Große Obstbäume als Landschaftsmarken, das Bewusstsein dafür wächst und wächst. Viele Menschen erinnert es an die Kindheit. Die EU fördert Initiativen wie die aus dem Chiemgau mit dem Leader-Projekt für die Entwicklung ländlicher Räume. Leider ein bürokratisches Monster, deren Bewilligung lange dauert.
Aber die professionelle Betreuung von Streuobstbäumen, die anstehende Biozertifizierung, die Koordination der Pflege und die Mitgliederwerbung kann nicht mehr ehrenamtlich gestemmt werden:
"Also man muss Kooperationspartner finden, die Anträge werden sehr genau überprüft, klar, das ist ein europaweites Programm, man will Betrugsfälle verhindert, dadurch muss man das sehr genau machen. Aber wir sind auf einem guten Weg."

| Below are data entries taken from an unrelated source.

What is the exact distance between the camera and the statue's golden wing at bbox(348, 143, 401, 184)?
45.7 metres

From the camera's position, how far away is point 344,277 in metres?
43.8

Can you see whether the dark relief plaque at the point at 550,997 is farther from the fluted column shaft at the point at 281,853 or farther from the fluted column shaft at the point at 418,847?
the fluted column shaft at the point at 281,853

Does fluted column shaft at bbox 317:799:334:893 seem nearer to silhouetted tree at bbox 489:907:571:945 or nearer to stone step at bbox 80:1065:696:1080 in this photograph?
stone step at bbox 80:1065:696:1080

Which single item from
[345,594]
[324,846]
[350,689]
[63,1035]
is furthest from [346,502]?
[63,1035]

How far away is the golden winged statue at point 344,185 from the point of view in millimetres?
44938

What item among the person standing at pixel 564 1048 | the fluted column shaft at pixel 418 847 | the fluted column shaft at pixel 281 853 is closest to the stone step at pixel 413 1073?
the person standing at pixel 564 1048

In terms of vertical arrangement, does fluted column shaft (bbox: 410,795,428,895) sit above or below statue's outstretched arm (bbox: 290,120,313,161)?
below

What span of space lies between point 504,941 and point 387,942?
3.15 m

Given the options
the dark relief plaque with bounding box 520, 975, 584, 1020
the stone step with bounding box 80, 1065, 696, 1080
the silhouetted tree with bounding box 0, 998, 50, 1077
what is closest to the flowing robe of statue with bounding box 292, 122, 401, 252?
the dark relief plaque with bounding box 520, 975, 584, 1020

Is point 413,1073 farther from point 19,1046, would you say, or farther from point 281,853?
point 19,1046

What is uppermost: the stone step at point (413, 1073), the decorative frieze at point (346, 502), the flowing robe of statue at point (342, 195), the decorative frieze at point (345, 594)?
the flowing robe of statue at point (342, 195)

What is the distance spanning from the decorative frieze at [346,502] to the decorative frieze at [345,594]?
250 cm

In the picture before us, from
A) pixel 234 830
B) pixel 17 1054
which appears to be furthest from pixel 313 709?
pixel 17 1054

Streuobstwiesen dienen im reichen Oberbayern mittlerweile als willkommene Öko-Marketingstrategie - neue, exklusive Romantikhotels wie das Gut Steinbach in Reit im Winkl, unweit vom Chiemsee, entdecken die Rückkehr zum Streuobstapfel für sich - und zahlungskräftige Gäste.

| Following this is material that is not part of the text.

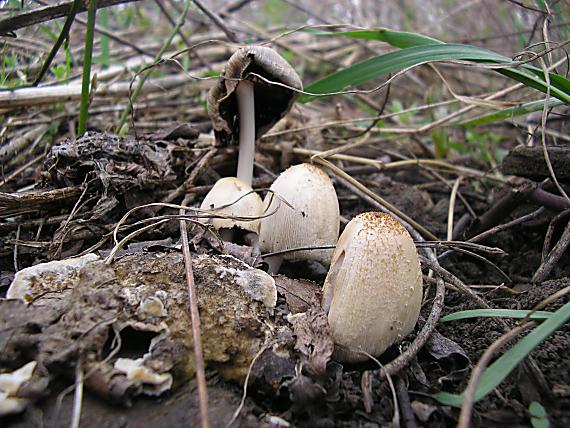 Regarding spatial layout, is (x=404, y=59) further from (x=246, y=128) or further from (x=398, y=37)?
(x=246, y=128)

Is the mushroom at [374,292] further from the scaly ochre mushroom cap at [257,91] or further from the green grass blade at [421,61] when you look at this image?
the scaly ochre mushroom cap at [257,91]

Für den Hausherren Klaus Dieter Graf von Moltke gehört die Anpflanzung von Obstbäumen bei der Planung seiner neuen, Tourismus fördernden Hotelanlage wie selbstverständlich dazu:
"Zwischen der Bebauung und dem Hotel soll sich also eine richtige große Streuobstwiese entwickeln, wo das Obst auch wirklich verwendet wird. Da wird Marmelade gemacht, da wird Kuchen gebacken. Wir sind vermessen genug davon auszugehen, dass man in Zukunft in Kitzbühel ins Auto steigt und hierher nach Reit im Winkel fährt, um gescheit Brotzeit zu machen."
Im KZ Dachau interniert
Initiativen wie die von Hersbruck, dem Grafen von Moltke und den Chiemgauer Hobbyobstbauern stehen in einer großen bayerischen Tradition.

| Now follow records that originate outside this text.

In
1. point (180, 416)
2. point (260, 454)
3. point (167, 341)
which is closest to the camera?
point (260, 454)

Deutschlands Apfelpfarrer, Korbinian Aigner, dessen Apfelbilder 2012 sogar auf der documenta in Kassel zu sehen waren, stammte aus der Nähe von Erding bei München.
Im August 1908 hatte er in seinem Geburtsort Hohenpolding den ersten Obstbauverein gegründet. Bereits damals wurden Aigners Züchtungsversuche vom Königreich Bayerns mit der enormen Summe von 1000 Mark unterstützt. Später im Dritten Reich wurde der kritische Pfarrer im KZ Dachau interniert. Dort züchtete er die Apfelsorte KZ 3, heute Korbiniansapfel genannt.
Auch Aigner wusste schon, dass die Bäume geerntet und das Obst verarbeitet werden muss. Seine noch bestehende Mostkelterei ist heute das Vereinsheim der Hohenpoldinger Freiwilligen Feuerwehr.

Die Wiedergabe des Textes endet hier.